Pick the PSoC kit from the menu shown in the Project Creator - Choose Board Support Package (BSP) dialog. It will show up like this:
In the Project Creator - Select Application dialog, choose "Import" and then select where you saved the SkimScam repository.
(Optional) Change the suggested New Application Name.
Click Create to complete the application creation process.
If you would like a brief tour of how this repo works and how I imported the model, you can jump down to the next section. If you just want to flash the software and play, read on!
Now, connect your PSoC 6 board with the included USB cable.
Now return to ModusToolbox. In the Quick Panel, scroll down, and click Program (KitProg3_MiniProg4). It will be next to an arrow in a green bubble. SkimScam will be built and start to be loaded onto your board. This process will take several minutes.
In the meantime, get your terminal software set up if you want to see what the scan task is finding around you.
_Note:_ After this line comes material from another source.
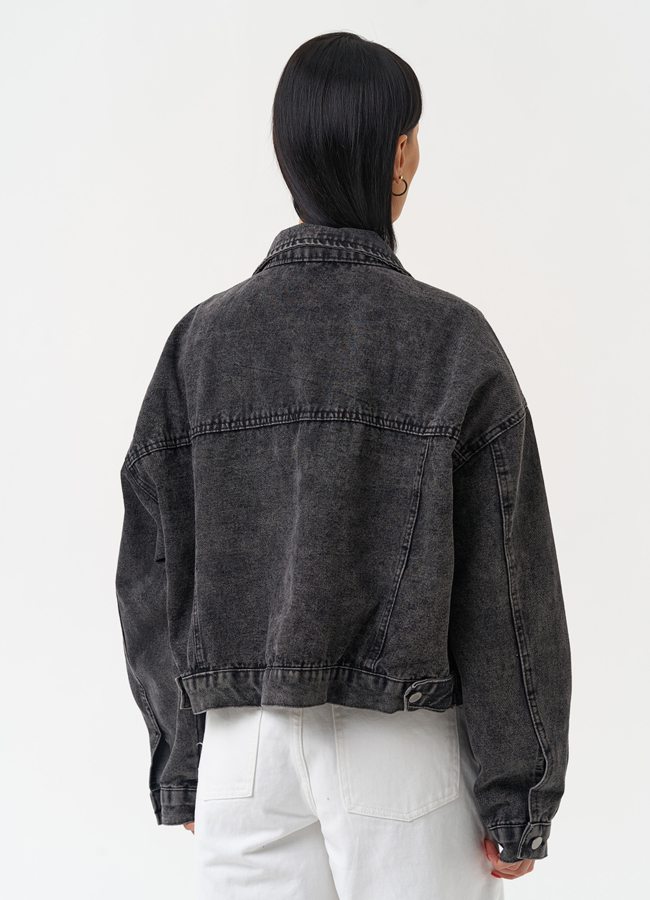 Женская джинсовая куртка серого цвета модель № 30403 в рассрочку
I recommend PuTTY. Use Device Manager or similar to figure out what COM port the PSoC 6 is on, and then set the baud rate like so:
Click "Open".
Once the SkimScam software loads, you should see in your terminal window some statistics about the autoencoder model, as well as information about the WiFi networks surrounding you:
The Blue LED will illuminate to tell you that WiFi scanning is occuring. If an anomalous WiFi network is flagged by the model, the indicated LED below will glow red:
This project lends itself well to "wardriving". Check out your local gas station, maybe you'll bust a crook!
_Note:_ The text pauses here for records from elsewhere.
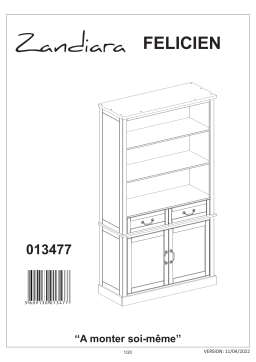 ZANDIARA Bibliothèque FÉLICIEN bois massif Mode d'emploi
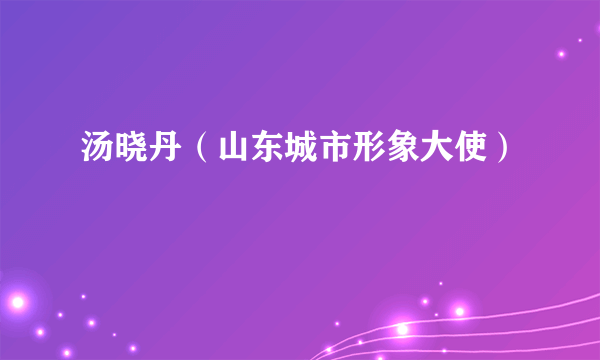 汤晓丹（山东城市形象大使）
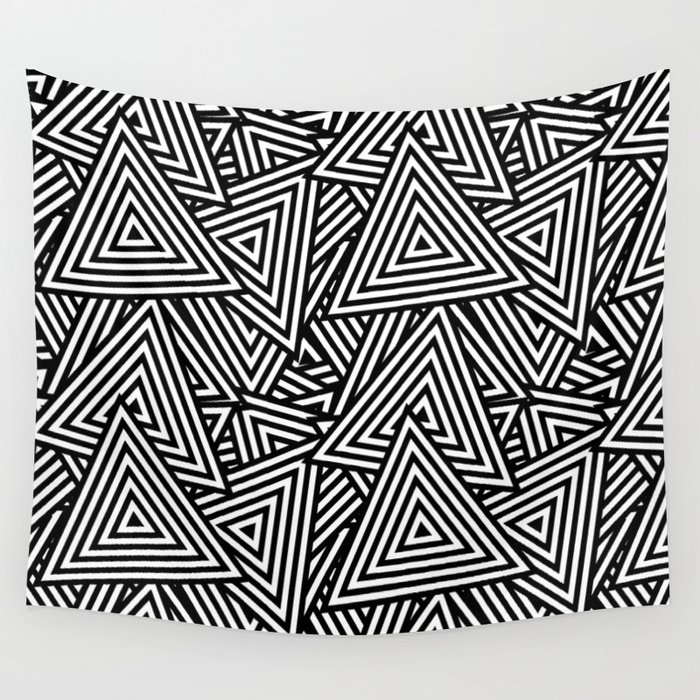 Black And White Triangle Pattern Wall Tapestry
How to add a Keras model to your project (Optional)This section is optional but I wanted to cover briefly how I added the autoencoder from the above notebook to my project. First, I opened the ML Configurator from the tools menu. I selected the H5 file I downloaded from my notebook and clicked "Generate Source", leaving everything as defaults. It looked like this:
I then checked the validation by clicking "Validate in Desktop", which helped as a sanity check that my model worked:
The next critical thing I found I needed to do was open the Library Manager under Tools and select the ML middleware libraries. They are under the libraries tab:
Click "Update". It will take a few minutes for ModusToolbox to pull in the libraries.
The code under ScanTask.c in the SkimScam repo gives a simple way you can now import and use your model. Something else I found very valuable was reading the code in main.c in Infineon's ML-profiler project. Both show the imports you need and the convenience methods you can use from the middlware library.